Could you tell us about the “The Art of Diplomacy: Art for Peace” project? What was its concept and mission?

It was held at the Miami Beach Women’s Club and featured 76 paintings by 19 young artists. For the past several years, we have been promoting cultural exchange through our exhibitions under the title “The Art of Diplomacy: Peace through Culture.” We believe that cultural diplomacy is crucial for promoting understanding between people. We bring together young artists from different countries and hold exhibitions and discussions. Our events aim to show the importance of cultural dialogue and how it can shape the worldview of young people.
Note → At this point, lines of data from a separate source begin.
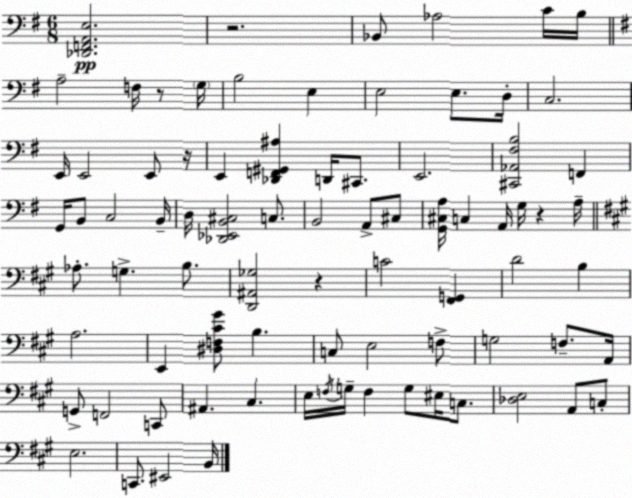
X:1
T:Untitled
M:6/8
L:1/4
K:G
[_D,,F,,A,,E,]2 z2 _B,,/2 _A,2 C/4 B,/4 A,2 F,/4 z/2 G,/4 B,2 E, E,2 E,/2 D,/4 C,2 E,,/4 E,,2 E,,/2 z/4 E,, [_D,,F,,^G,,^A,] D,,/4 ^C,,/2 E,,2 [^C,,_A,,^F,B,]2 F,, G,,/4 B,,/2 C,2 B,,/4 D,/4 [_D,,_E,,B,,^C,]2 C,/2 B,,2 A,,/2 ^C,/2 [G,,^C,A,]/4 C, A,,/4 G,/4 z A,/4 _A,/2 G, B,/2 [D,,^A,,_G,]2 z C2 [^F,,G,,] D2 B, A,2 E,, [^D,F,^C^G]/2 B, C,/2 E,2 F,/2 G,2 F,/2 A,,/4 G,,/2 F,,2 C,,/2 ^A,, ^C, E,/4 F,/4 G,/4 F, G,/2 ^E,/4 C,/2 [_D,E,]2 A,,/2 C,/2 E,2 C,,/2 ^E,,2 B,,/4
This is a great opportunity for Azerbaijani youth to learn from their peers and gain a better understanding of the world.

Art Dirchelish

You are going to hold another exhibition “The Art of Diplomacy” in New York City in July 2023. How will it be difference from the last year’s project?

The exhibition will showcase the works of new and talented artists, including young people with disabilities. Through this project, we aim to promote the idea that everyone deserves equal treatment and should not be discriminated against. Physical disability should not be a hindrance as long as the person is not mentally disabled. The show will take place in New York City, the very heart of America. Our young artists will create sketches during their time in New York, and upon their return to Baku, we will host a follow-up exhibition titled “Through the Eyes of New York Artists.” My dream is to hold this exhibition in the United Nations building in New York. I have sent numerous letters to the Azerbaijan Representative at the UN, but regretfully, I have yet to receive a response.

What are some of the challenges that Art Dirchelish faces in fulfilling its mission?

One of the main challenges is the financial issue. We don’t receive any support from government agencies and rely solely on self-generated funding, which is made possible by the trust and support of the public who believe in our hard work.

How does your organization measure its success and impact on the communities it serves?

Since 1999, we have been working tirelessly and devotedly, but we are still not officially registered with the state. However, we believe that this is not the essential factor for working on social problems in society. What matters is having a genuine desire to make a difference. Although being registered would allow us to do more, we don’t let that hold us back. In May 2018, when I held an exhibition at the Council of Europe, I spoke with Secretary General Mr. Jagland. I said, “Our NGO has been a member of the Youth Directorate of the Council of Europe since 2006, and we have closely collaborated on projects addressing drug addiction, early marriages, domestic violence, and ethnic groups. After twelve years, I was finally able to speak at the magnificent Council of Europe building. And that is the prove that we have the same values and must work together towards solving social problems, even without personally knowing each other.” I believe It’s our duty to promote these values to our youth.